Dear Jeff, thanks for the information.

>Open MPI currently has very limited cartesian support -- it actually doesn't remap anything.

I see, OpenMPI doesn't remap anything; this explains probably why my runtime of my simulation varies sometimes between 30% for the same setup.

>Would you have any interest in writing a partitioning algorithm for your needs within the context of a plugin?  I'd be happy to walk >you through the process; it's not too complicated (although we should probably move the discussion off to the Open MPI devel >mailing list).

I guess after using for more than a decade Open Source Software, it's time to give something back :). ... so yes, I am willing to do that !!

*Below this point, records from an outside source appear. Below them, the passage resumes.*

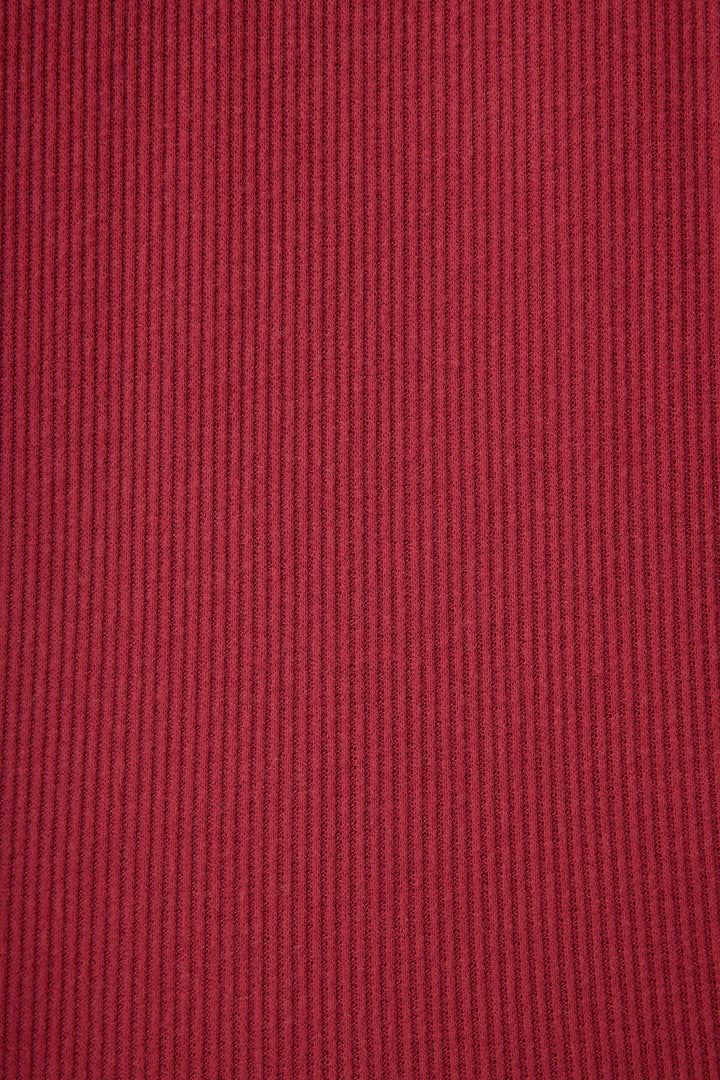Close-up of the Textured Essentials Long Sleeve Top in Port by P.J. Salvage, featuring red ribbed fabric with vertical lines and a subtly raised pattern across the surface.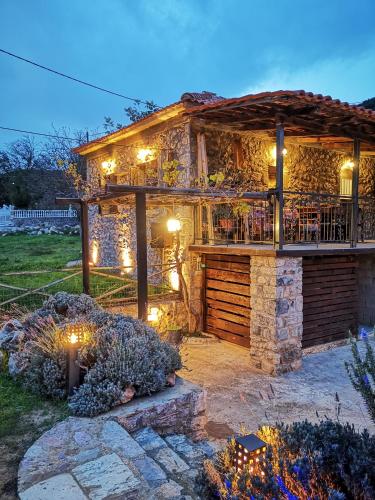 a stone house with a deck with lights on it at Green's House in Poliána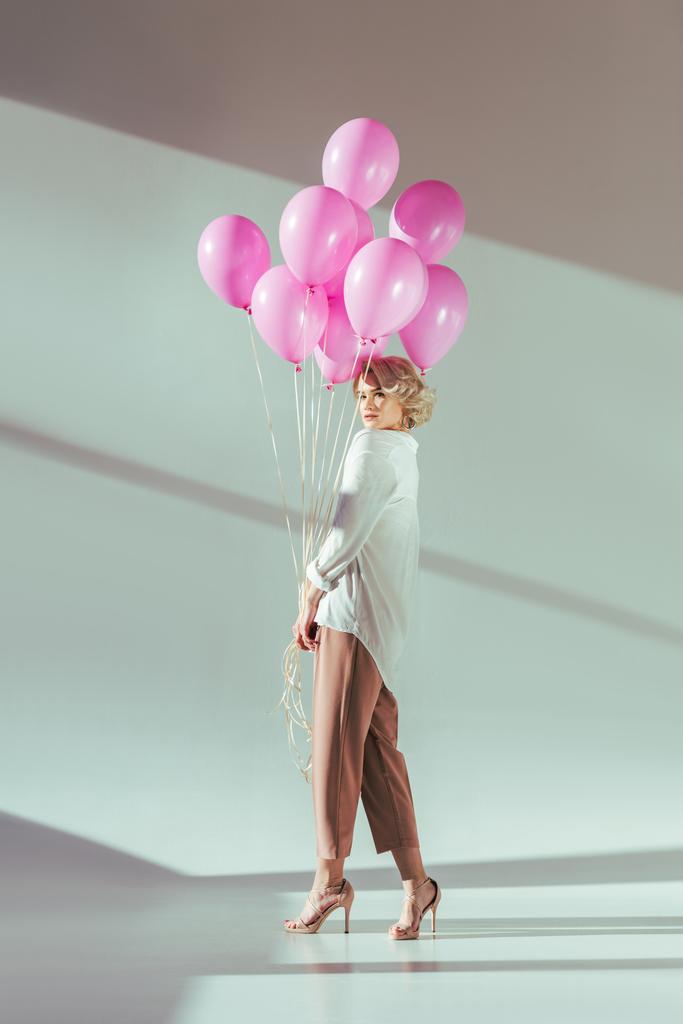 グレーにピンクの風船を持つポーズ ファッショナブルな若いブロンドの女性の完全な長さの表示 - 写真・画像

Because I am not yet experienced with OpenMPI internals, I would really appreciate your advice, if you could tell me where exactly I have to dig into.. I guess it should be around ompi_topo_create function, but how to write MPI_Cart_Create as a plugin, I will rely on you information. And do you know if MPICH, LAM etc. have an efficient implementation of MPI_Cart_Create ? so I can borrow some ideas from them....

best wishes,

Paul Hilscher

 

On Tue, Jun 29, 2010 at 8:17 PM, Jeff Squyres <jsquyres@cisco.com> wrote:
Open MPI currently has very limited cartesian support -- it actually doesn't remap anything.

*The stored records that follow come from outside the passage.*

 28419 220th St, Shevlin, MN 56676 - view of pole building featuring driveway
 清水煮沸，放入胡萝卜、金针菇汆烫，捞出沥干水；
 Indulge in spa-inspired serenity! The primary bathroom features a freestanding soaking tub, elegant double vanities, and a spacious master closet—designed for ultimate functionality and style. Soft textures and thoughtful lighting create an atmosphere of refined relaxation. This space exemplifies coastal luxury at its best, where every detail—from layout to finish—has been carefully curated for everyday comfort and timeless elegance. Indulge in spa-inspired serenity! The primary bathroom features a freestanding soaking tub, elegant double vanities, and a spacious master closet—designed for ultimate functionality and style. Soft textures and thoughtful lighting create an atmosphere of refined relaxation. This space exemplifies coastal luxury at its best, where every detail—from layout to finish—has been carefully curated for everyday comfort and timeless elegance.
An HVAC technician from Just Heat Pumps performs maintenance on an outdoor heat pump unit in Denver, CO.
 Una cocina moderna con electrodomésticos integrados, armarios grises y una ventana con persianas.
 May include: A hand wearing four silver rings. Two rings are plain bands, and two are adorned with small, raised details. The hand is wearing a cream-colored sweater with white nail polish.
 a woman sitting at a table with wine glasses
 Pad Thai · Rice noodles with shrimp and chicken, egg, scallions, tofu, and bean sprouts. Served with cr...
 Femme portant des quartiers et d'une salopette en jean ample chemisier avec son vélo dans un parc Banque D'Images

That being said, it is *very* easy to extend Open MPI's algorithms for cartesian partitioning.  As you probably already know, Open MPI is all about its plugins -- finding and selecting a good set of plugins to use at run-time.  Open MPI has many different types of plugins.  One of these types of plugins performs the cartesian/graph mapping behind MPI_Cart_create (and friends) function(s).

Would you have any interest in writing a partitioning algorithm for your needs within the context of a plugin?  I'd be happy to walk you through the process; it's not too complicated (although we should probably move the discussion off to the Open MPI devel mailing list).


On Jun 29, 2010, at 4:50 AM, Paul Hilscher wrote:

> Dear OpenMPI list,
>
> I am using  a MPI-parallelized simulation program,  with a domain-decomposition in 6-Dimensions.
> In order to improve the scalability of my program I would like to know according to what preferences
> is MPI distributing the ranks when using MPI_Cart_create( reorder allowed).
>
> To explain my inquiry, imagine a 3-dimensional solver in  X-Y-M and 4 computing
> nodes, each nodes consist of 4 Quad-Core CPUs (4(Node)x[ 4(CPUs) x 4(Cores))] CPUs=64CPUs).
>
> Now I decompose  all 3 dimensions by 4 (4x4x4 = 64) using  MPI_Cart_create.
> MPI has now several  possibilities to map the problem e.g. X-M (locally) on a node and
> Y across the nodes, or Y-M (locally) and X across the nodes.
>
> Now my question is, how can I tell MPI that I want to distribute X-Y locally while
> M is distributed across nodes. The reason is that X-Y
> communication ratio is much large (FFT) compared to M where we have only
> 2 communications per time-step via an Allreduce.
> An MPI implementation for the BlueGENE for example has an option
> called mapfile where on can tell MPI how to map the dimensions onto
> the Nodes. I did not found somethings similar for openmpi.
>
> Does anybody know how to achieve this mapping or could anybody
> tell me where I could find some examples or tutorials ?
>
> Thank you very much for your help and best wishes
>
> Paul Hilscher
> _______________________________________________